[Data extract — start]
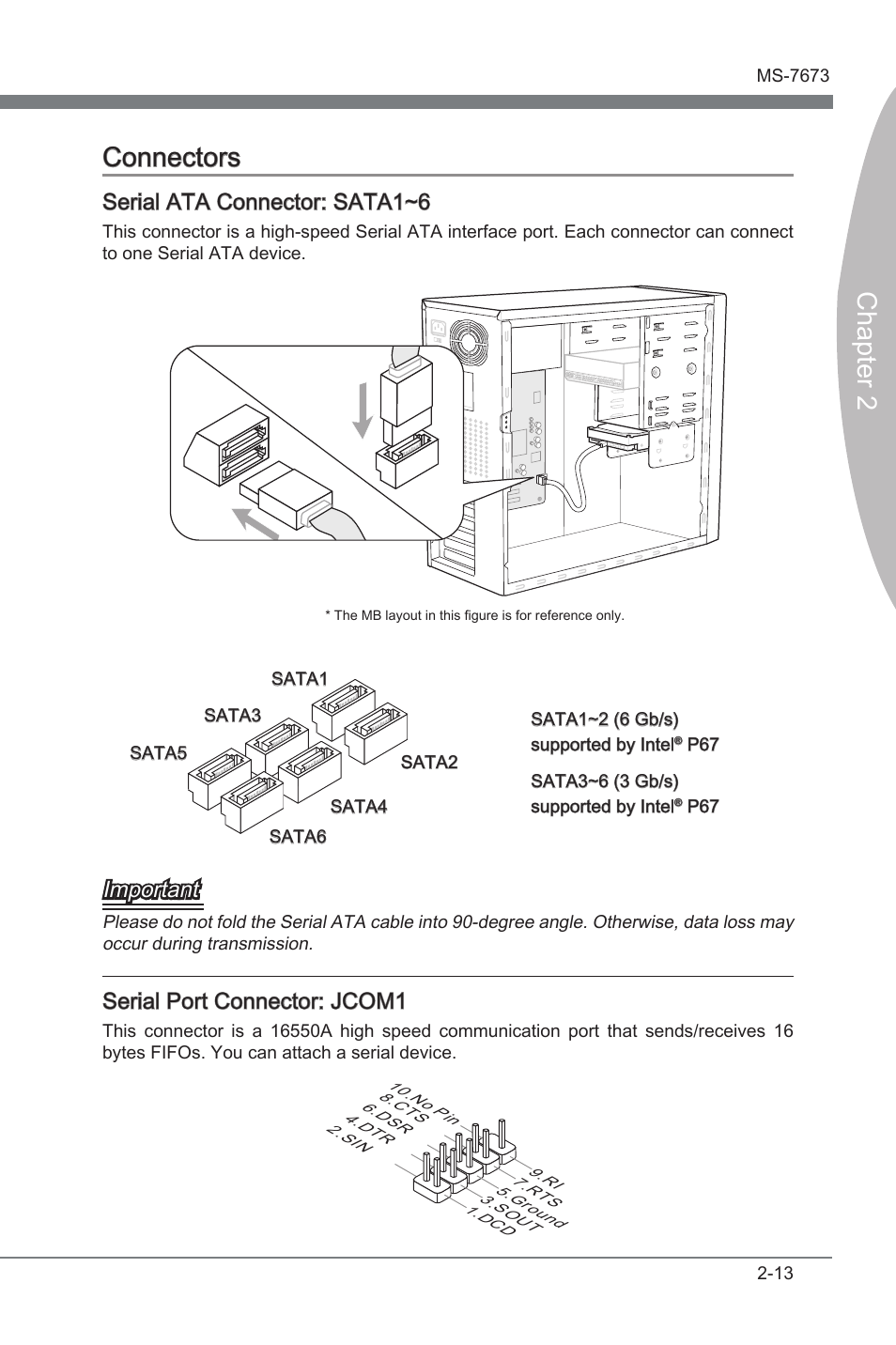 Connectors, Connectors -13, Chapter 2 connectors | Seral ata connector: sata1~6, Important, Seral port connector: jcom1 | MSI P67A-G43 (B3) User Manual | Page 29 / 80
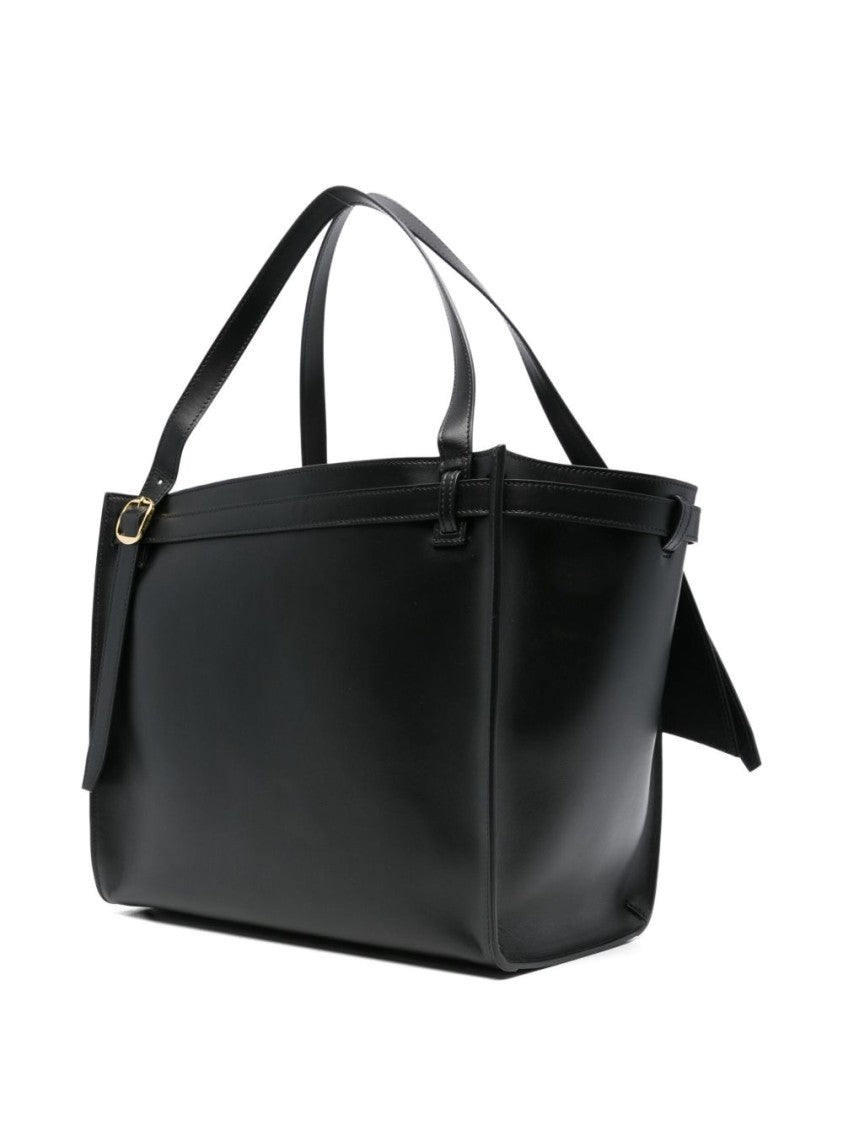 Coperni Black Calfskin Leather Shopper Bag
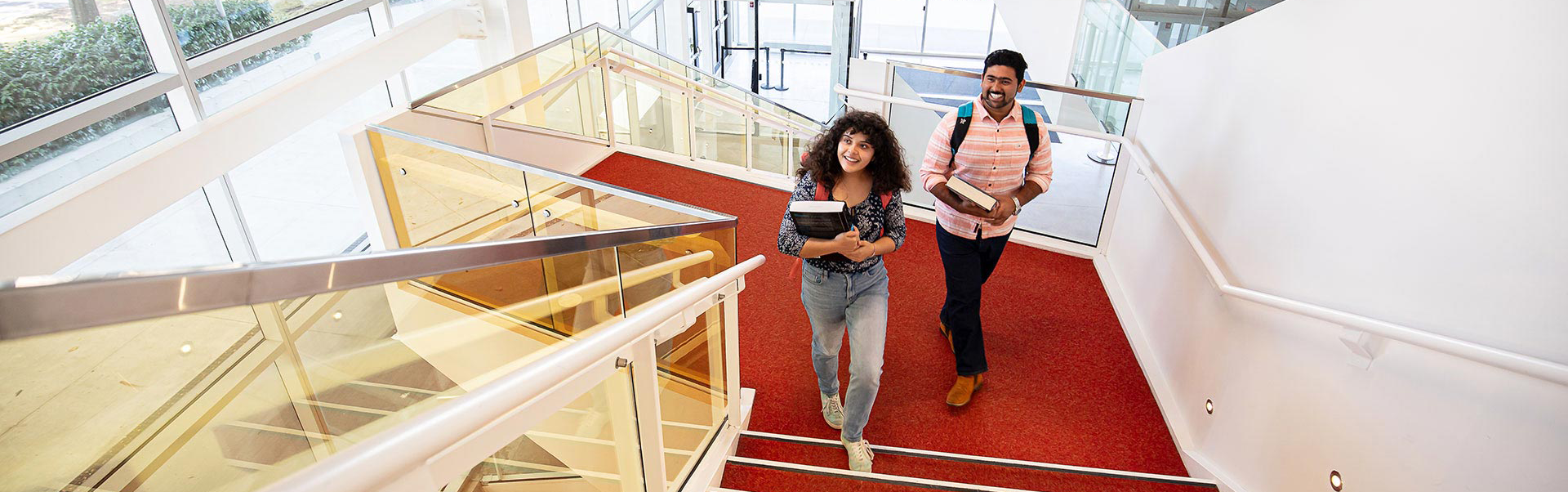 Students at Langara College T Building stairs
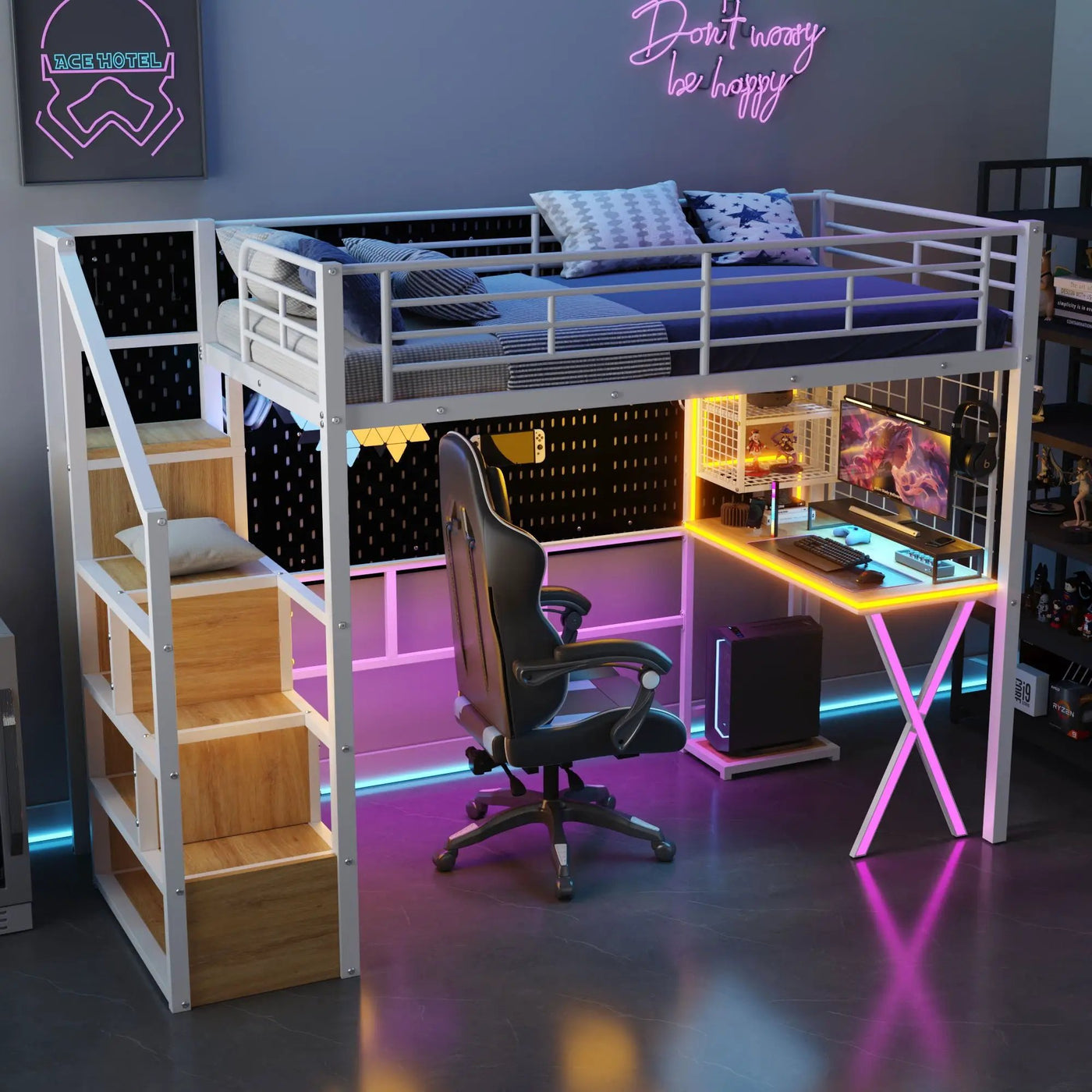 Loft Bed With Built In Work Station, Wardrobe, Storage Staircase And LED by Unique Piece Furniture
[Data extract — finish]
*Task goal:* Line by line and exactly, reproduce the span from the line with "Students at Langara" through the end of the data above, both ends included, with pictures left out.

*Solved problem:*
 Students at Langara College T Building stairs
 Loft Bed With Built In Work Station, Wardrobe, Storage Staircase And LED by Unique Piece Furniture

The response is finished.